**DATASET CONTENT**
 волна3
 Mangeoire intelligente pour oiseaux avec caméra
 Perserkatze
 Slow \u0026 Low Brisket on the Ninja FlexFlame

**YOUR TASK**
Could you output each line above exactly as it was given?

**PROBLEM SOLUTION**
 волна3
 Mangeoire intelligente pour oiseaux avec caméra
 Perserkatze
 Slow \u0026 Low Brisket on the Ninja FlexFlame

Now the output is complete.